DATA SUPPLIED
_ _ _

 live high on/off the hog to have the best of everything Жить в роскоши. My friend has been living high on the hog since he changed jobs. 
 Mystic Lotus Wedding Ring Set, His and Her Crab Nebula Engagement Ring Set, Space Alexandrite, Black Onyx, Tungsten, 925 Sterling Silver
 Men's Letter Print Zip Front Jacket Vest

_ _ _

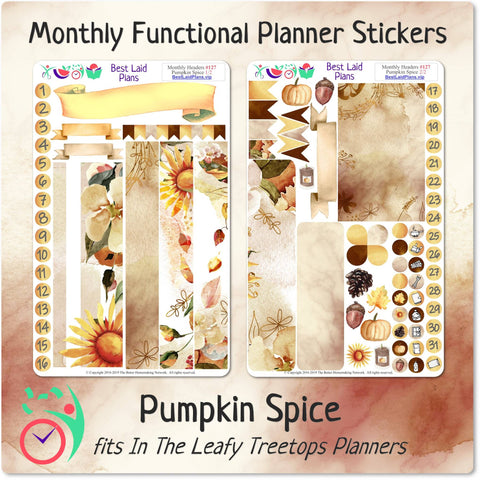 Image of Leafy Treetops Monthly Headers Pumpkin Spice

_ _ _

WORK ORDER
Reproduce exactly the stretch of the material above that starts at the line with "live high on/off" and ends at the line with "Men's Letter Print Zip Front Jacket Vest", both included, and nothing else.

COMPLETED TASK
 live high on/off the hog to have the best of everything Жить в роскоши. My friend has been living high on the hog since he changed jobs. 
 Mystic Lotus Wedding Ring Set, His and Her Crab Nebula Engagement Ring Set, Space Alexandrite, Black Onyx, Tungsten, 925 Sterling Silver
 Men's Letter Print Zip Front Jacket Vest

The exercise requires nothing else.